José Antonio Ortega Lara (born 1958 in Montuenga es, parish of Madrigalejo del Monte, Burgos) is a retired Spanish prison officer who was held hostage by the Basque separatist organization ETA for 532 days between 1996 and 1997. He is a teacher and holds a law degree. He was a member of the People's Party between 1987 and 2008. He currently lives in Burgos. On January 16, 2014, he presented the political party Vox as a member of the Provisional Executive Committee, together with other former members of the People's Party.

==Kidnapping==
On January 17, 1996, José Antonio Ortega Lara was kidnapped in the garage of his home in Burgos when he was returning from his work in the prison of Logroño. Days later, ETA said they were responsible for the kidnapping and demanded the transfer of ETA prisoners to Basque prisons in exchange for his release.

The conditions of his kidnapping were painful: the dungeon in which he was kept was very wet (it was a few meters from the river Deva), there were no windows and it measured 3 meters long by 2.5 wide and 1.8 m high inside. Ortega Lara could only take three steps in it. He had a small light bulb and he was only fed with fruits and vegetables. He could not leave the cabin and for sanitation had only a urinal, from which he collected water to wash himself. At the time of his rescue by Spanish police, Ortega Lara had lost 23 kilos, muscle mass and bone density. He suffered from sleep disorders, post-traumatic stress, anxiety and depression.

In October 2005 ETA leaders Julian Achurra Egurola ("Pototo") and José Luis Aguirre Lete ("Isuntza") were put on trial for being the organizers of the kidnapping. According to the sentence, Erostegui José Luis Javier Ugarte, Josu Uribetxeberria Bolinaga and José Miguel Gaztelu Ochandorena were asked by "Pototo" to seek information for selecting a victim to kidnapping. They also ordered the preparation and maintenance of a hovel where they had to hold the victim, so they built an enclosure of 3.5 square meters in Mondragon.

==After the kidnapping==
On the recommendation of doctors and his family, José Antonio Ortega Lara took early retirement in 1997, one of the options offered to him by the Ministry of the Interior, as a victim of terrorism.

In the municipal elections of 2003, Ortega Lara agreed to be one of the candidates on the list of People's Party (which he had been a member of since 1987) in the campaign for mayor of Burgos, led by Juan Carlos Aparicio, in solidarity with the Basque councilors threatened by ETA. His presence was symbolic (he was in the penultimate position of the candidature) so he was not elected.

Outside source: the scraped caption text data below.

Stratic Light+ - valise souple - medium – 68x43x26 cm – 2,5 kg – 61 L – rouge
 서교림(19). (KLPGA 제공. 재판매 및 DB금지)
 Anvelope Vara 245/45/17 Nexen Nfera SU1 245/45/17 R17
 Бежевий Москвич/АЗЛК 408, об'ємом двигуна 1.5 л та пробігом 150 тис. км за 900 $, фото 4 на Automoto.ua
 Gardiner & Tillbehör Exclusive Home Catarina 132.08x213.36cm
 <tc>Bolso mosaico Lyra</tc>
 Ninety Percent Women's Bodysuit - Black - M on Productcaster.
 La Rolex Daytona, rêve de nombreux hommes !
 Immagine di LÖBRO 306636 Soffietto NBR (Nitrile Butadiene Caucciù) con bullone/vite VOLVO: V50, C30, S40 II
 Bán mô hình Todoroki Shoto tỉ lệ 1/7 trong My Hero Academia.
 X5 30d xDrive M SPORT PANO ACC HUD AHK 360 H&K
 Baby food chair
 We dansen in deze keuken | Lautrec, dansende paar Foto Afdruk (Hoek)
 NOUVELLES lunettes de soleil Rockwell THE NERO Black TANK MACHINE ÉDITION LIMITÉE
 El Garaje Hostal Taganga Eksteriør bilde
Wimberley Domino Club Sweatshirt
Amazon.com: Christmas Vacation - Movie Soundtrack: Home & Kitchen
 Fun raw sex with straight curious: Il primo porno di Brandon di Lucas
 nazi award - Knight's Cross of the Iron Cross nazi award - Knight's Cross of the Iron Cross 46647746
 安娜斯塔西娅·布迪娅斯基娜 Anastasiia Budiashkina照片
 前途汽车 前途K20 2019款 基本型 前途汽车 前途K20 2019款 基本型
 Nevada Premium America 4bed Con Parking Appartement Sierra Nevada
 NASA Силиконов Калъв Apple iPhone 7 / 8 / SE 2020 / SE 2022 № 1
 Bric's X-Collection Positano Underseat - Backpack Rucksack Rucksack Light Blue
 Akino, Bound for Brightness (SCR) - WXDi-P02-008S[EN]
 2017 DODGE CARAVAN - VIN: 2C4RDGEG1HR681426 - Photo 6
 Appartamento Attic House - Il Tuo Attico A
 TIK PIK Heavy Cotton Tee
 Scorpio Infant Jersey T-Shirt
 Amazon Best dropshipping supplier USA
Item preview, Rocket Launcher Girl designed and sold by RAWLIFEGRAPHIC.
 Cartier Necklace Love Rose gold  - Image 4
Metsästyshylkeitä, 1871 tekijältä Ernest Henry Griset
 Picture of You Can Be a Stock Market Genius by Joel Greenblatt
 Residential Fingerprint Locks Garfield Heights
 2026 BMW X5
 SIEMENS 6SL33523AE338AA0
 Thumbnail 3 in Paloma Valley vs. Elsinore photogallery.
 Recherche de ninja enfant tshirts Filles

In 2007 he gave his first interview after his abduction. In a TV program hosted by Fernando Sánchez Drago on Telemadrid, he declared himself completely against the negotiation process undertaken by the government of José Luis Rodríguez Zapatero with ETA (see ETA's 2006 ceasefire declaration). During the crisis of the People's Party after the general election of 2008, on May 22, he announced his resignation from the party due to ideological differences.

===New political party===
In January 2014 the launch of a new national-conservative party, Vox, was announced. Ortega Lara founded the party together with (among others) Santiago Abascal Conde, José Luis González Quirós and Ignacio Camuñas, creating an alternative to the People's Party. In 2018, Vox had a surprisingly strong showing in the Andalusian elections and received 11% of the votes, as well as 24 deputies in the 2019 general election.